*** DATA EXCERPTS Section Begins ***

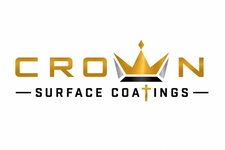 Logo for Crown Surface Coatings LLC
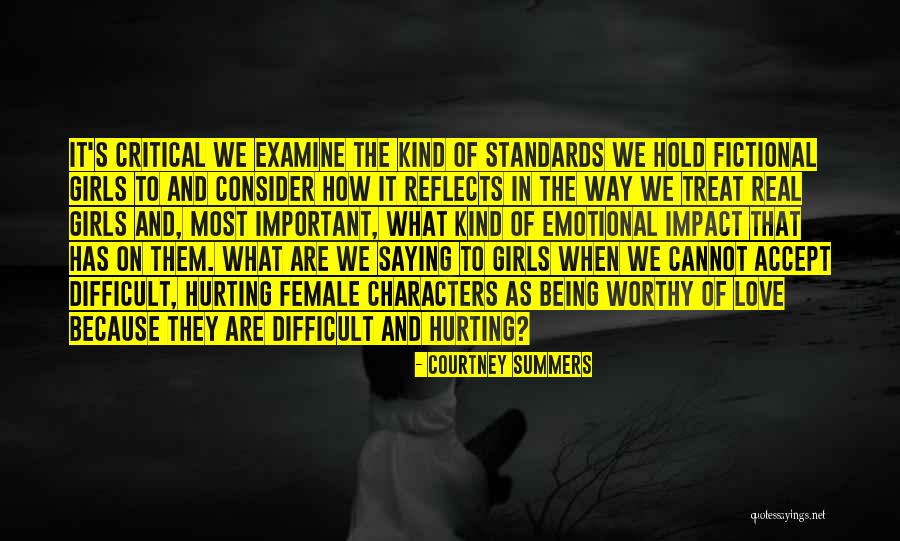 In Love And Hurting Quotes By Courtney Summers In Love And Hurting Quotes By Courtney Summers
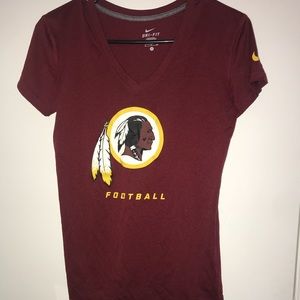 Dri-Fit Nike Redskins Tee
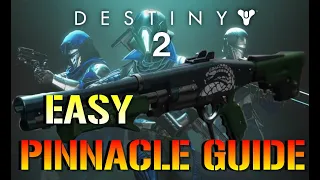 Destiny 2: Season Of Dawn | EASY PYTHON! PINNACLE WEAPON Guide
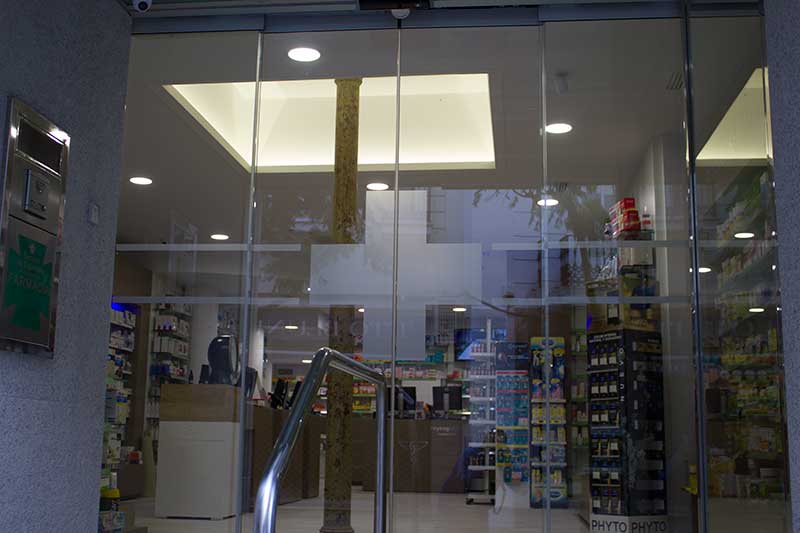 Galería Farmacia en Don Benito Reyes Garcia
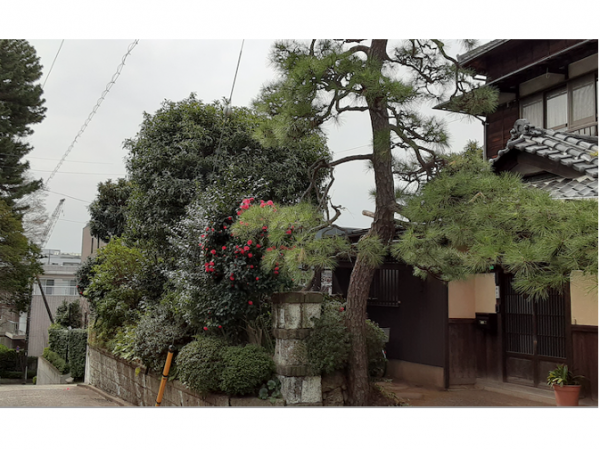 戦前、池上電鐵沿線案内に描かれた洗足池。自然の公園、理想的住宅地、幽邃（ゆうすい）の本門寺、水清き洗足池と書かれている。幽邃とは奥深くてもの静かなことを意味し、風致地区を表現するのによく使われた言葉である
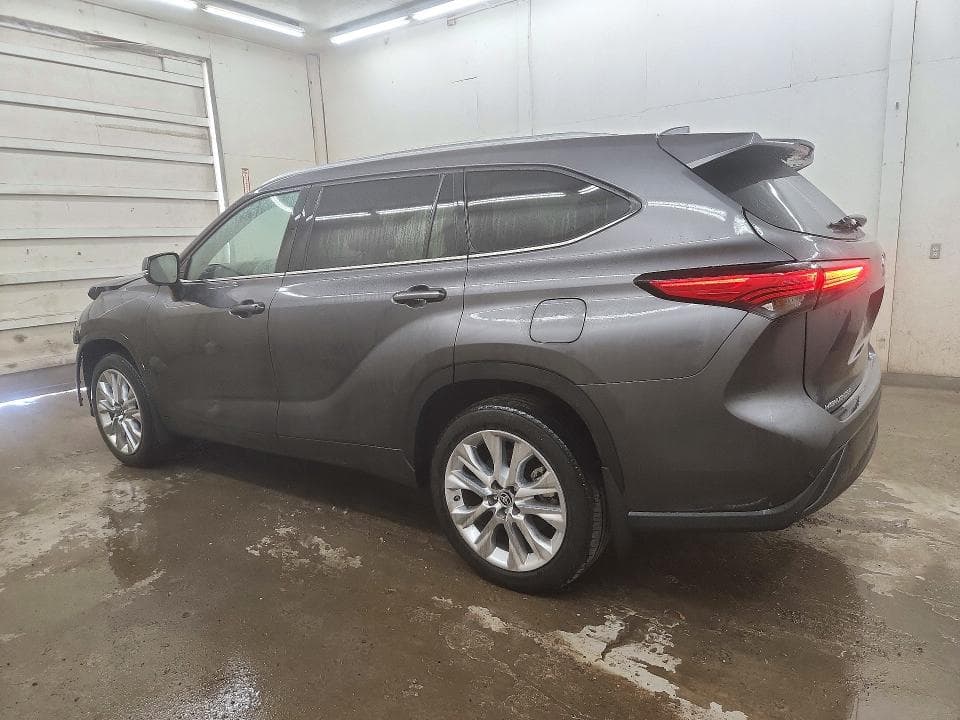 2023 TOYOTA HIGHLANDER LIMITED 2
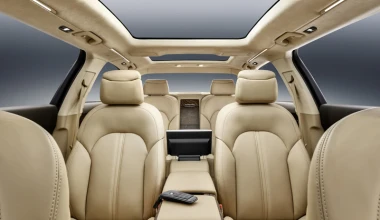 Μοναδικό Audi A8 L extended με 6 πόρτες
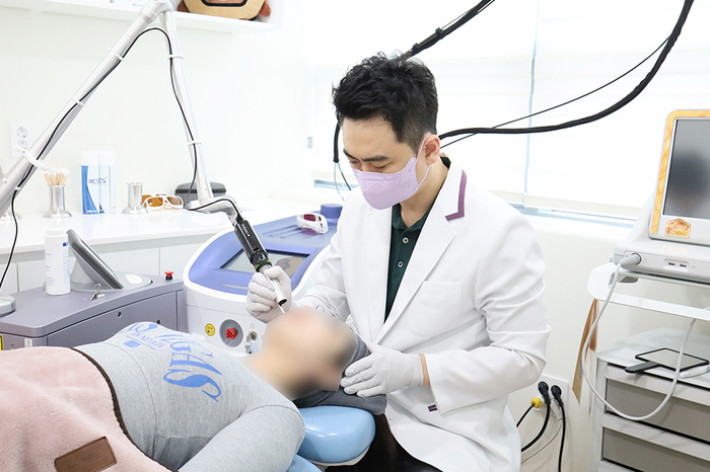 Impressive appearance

*** DATA EXCERPTS Section Ends ***
*** DATA EXCERPTS Section Begins ***

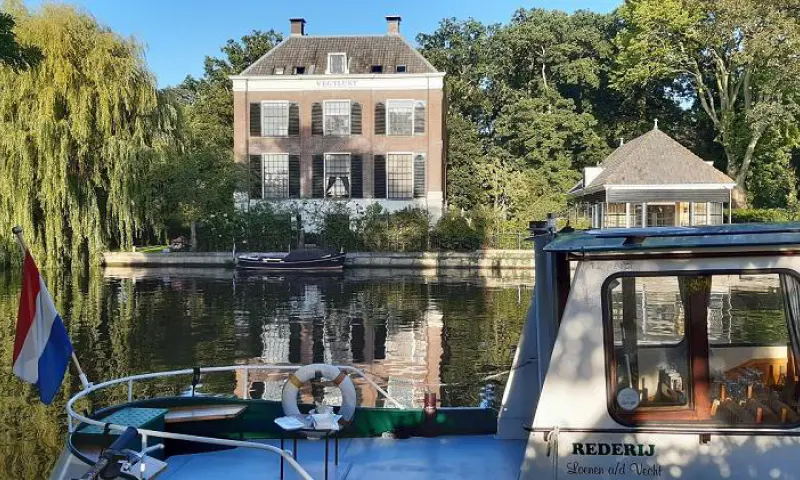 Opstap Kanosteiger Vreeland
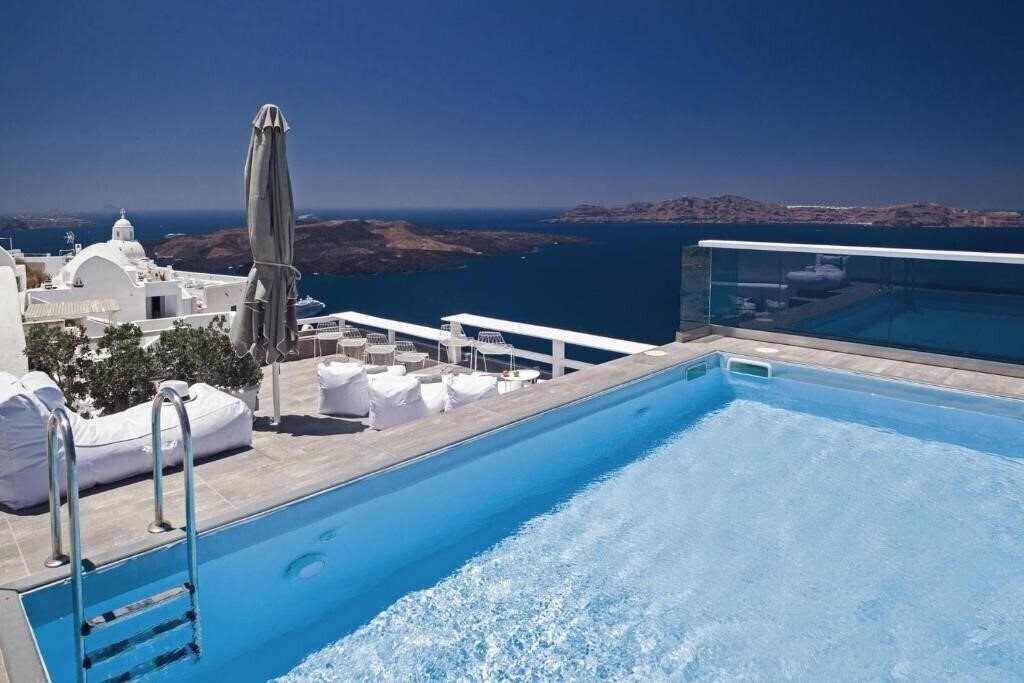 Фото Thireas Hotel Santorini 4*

*** DATA EXCERPTS Section Ends ***

→ WHAT THE EXERCISE ASKS
In the data above, start at the line holding "Logo for Crown Surface Coatings LLC" and stop after the line holding "Galería Farmacia en Don Benito Reyes Garcia"; write out those lines exactly, without pictures.

→ ANSWER SPACE
 Logo for Crown Surface Coatings LLC
 In Love And Hurting Quotes By Courtney Summers In Love And Hurting Quotes By Courtney Summers
 Dri-Fit Nike Redskins Tee
 Destiny 2: Season Of Dawn | EASY PYTHON! PINNACLE WEAPON Guide
 Galería Farmacia en Don Benito Reyes Garcia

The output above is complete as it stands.